Tivo uses a hardware MPEG encoder for both video and audio. For an excellent introduction and technical explanation of the MPEG video standards, you should check out this link from the Tektronix website:

Audio is recorded using MPEG1 layer 2, at 192 kbits/second. The video is encoded using the MPEG2 standard. The resolution and bitrate of the stream depends on the recording quality you choose in the Tivo software. The basic setting on my 1.3.0 Tivo uses a 352x480 video stream encoded at 1500 kbits/second.

(Note this is slightly higher than the bitrate used in VCD, which uses an MPEG1 video stream. This is inconvenient, as it makes one hour recordings about 790 MB, which is just too large to fit on a CDR. The means that to archive to CDR, you have to re-encode the stream in software.)

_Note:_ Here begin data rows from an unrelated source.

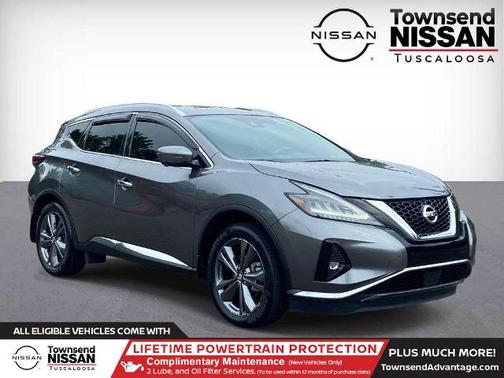 Gun Metallic 2021 Nissan Murano Platinum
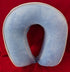 Headrest Travel Neck Pillow (Blue)
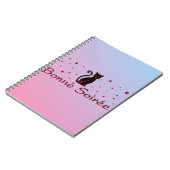 フランスの:Bonne Soiree Notebook ノートブック (左側)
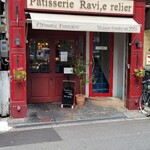 Patisserie Ravi,e relier - 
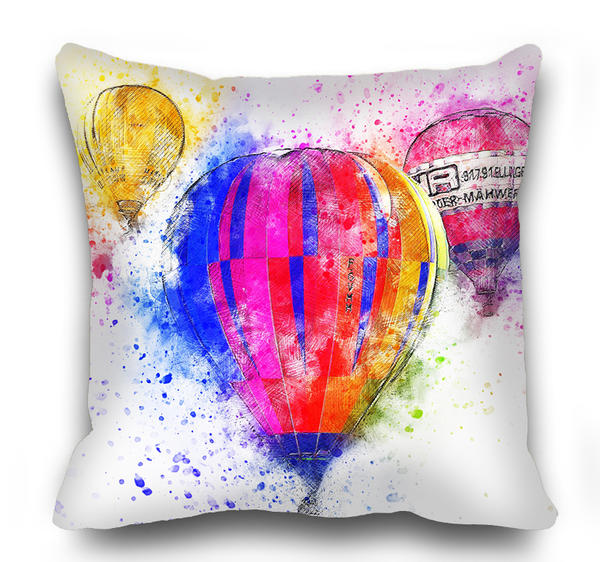 Kozzy Home Rfe2035 Coussin Décoratif Rempli 45 X 45 Cm 45x45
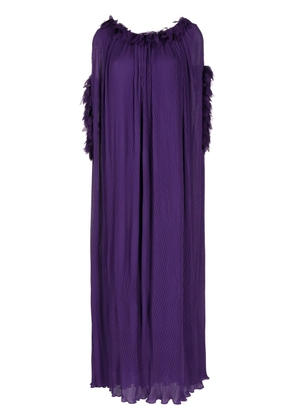 Baruni Lara long dress - Purple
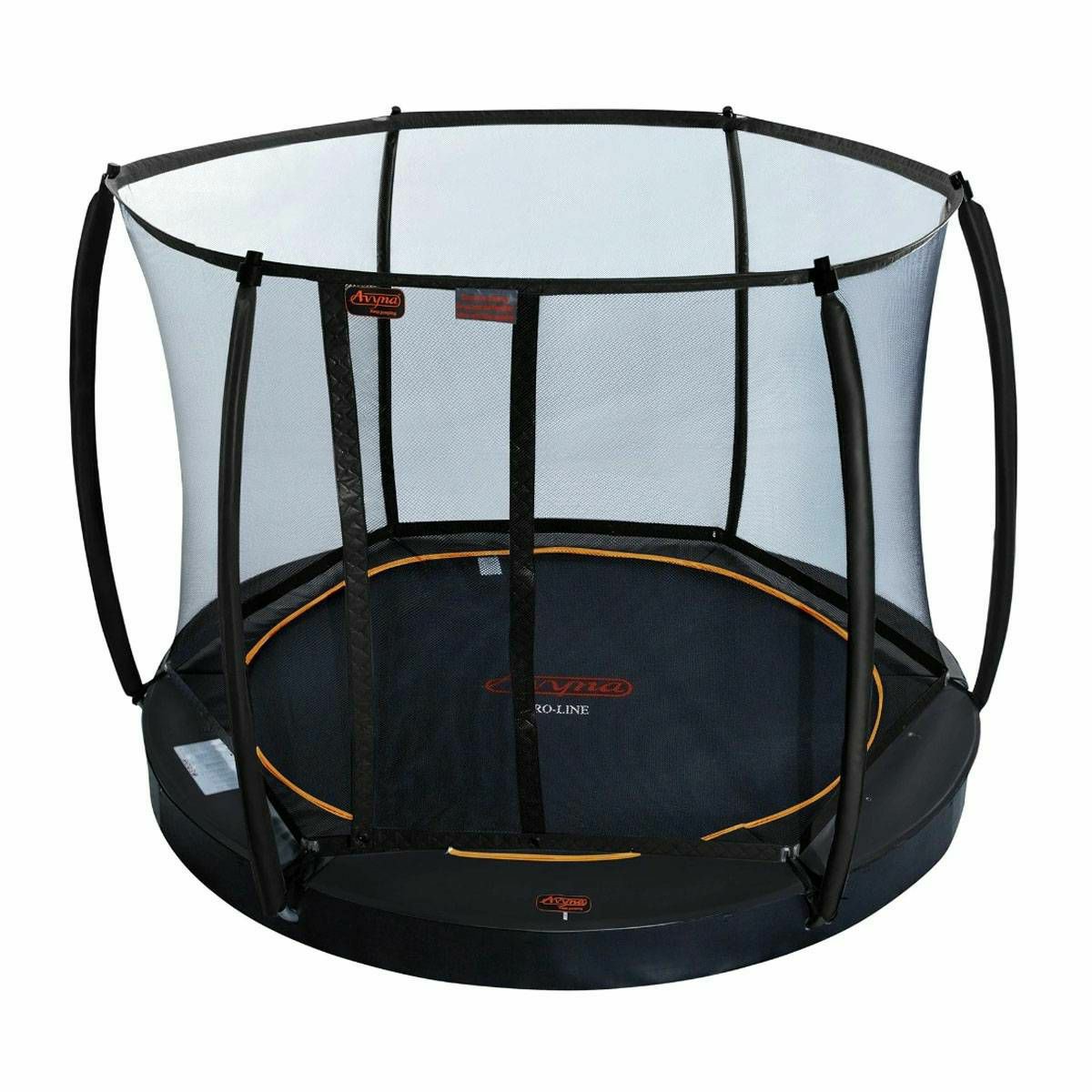 Trampolin Pro-Line FlatLevel 245 cm Combi Black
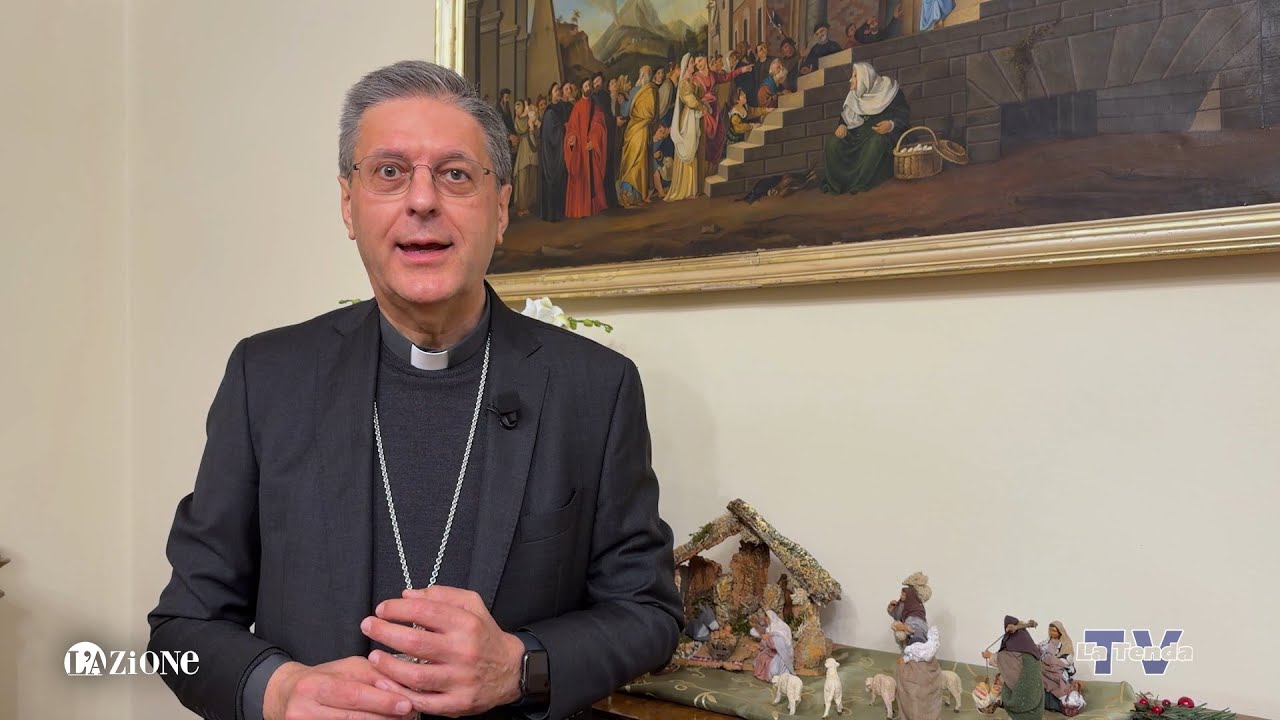 Natale 2025 - Gli auguri del vescovo di Vittorio Veneto mons. Riccardo Battocchio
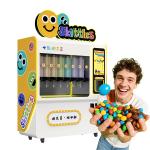 LED Screen Electric Sugar Rush Snack Vending Machine for Office Break Rooms for sale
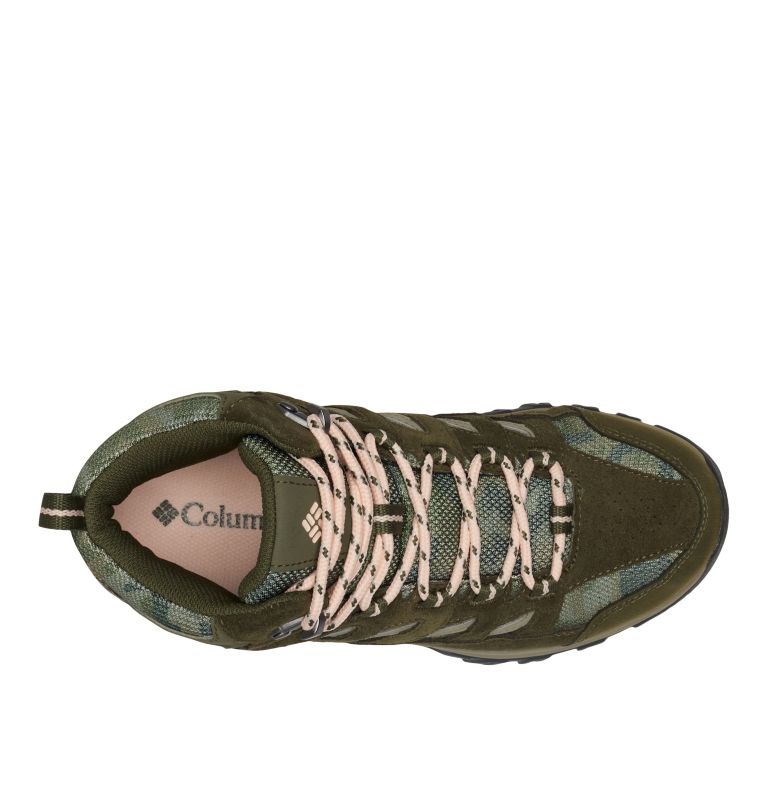 Thumbnail: CRESTWOOD MID WATERPROOF | 383 | 5.5, Color: Nori, Peach Blossom, image 3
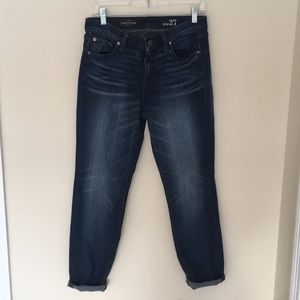 J. Crew Broken In Boyfriend Jeans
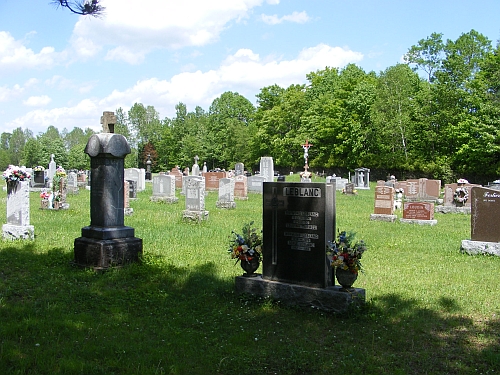 Notre-Dame-de-la-Merci R.C. Cemetery, Huberdeau, Les Laurentides, Laurentides, Quebec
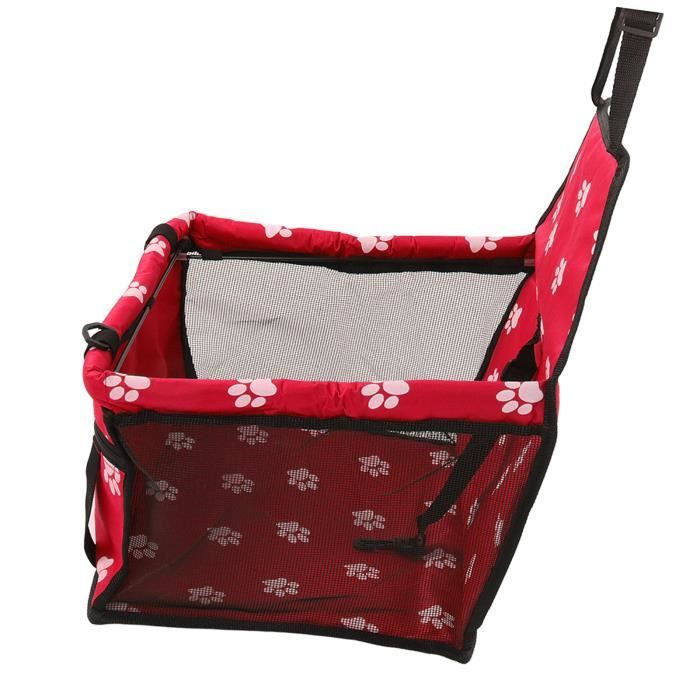 Meilleurs prix pour RUR Panier De Transport Siège Portable Voiture Pour Chien,Étanche Respirant,Sac De Protection Sécurité Transporteur Voyage RR022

Inside the tivo, the raw audio and video streams are first run through the hardware audio and video mpeg encoders, giving two elementary streams (ES). The ESs are then broken into packets, and headers are added to the packets that include presentation time stamps (PTS) that allow the two streams to be played in sync when they are later decoded. These two PES streams are then stored on the harddisk, in the proprietary MFS partitions.

For actual storage of the PES streams on the harddrive, packets from the two streams are interleaved and the resulting data is broken up into chunks of 131072 bytes. Headers are added to these "chunks" to tell the tivo where in the chunks the data from the packets is, and how to reconstruct the packets from the chunk. Note that a single PES packet can span more than one chunk.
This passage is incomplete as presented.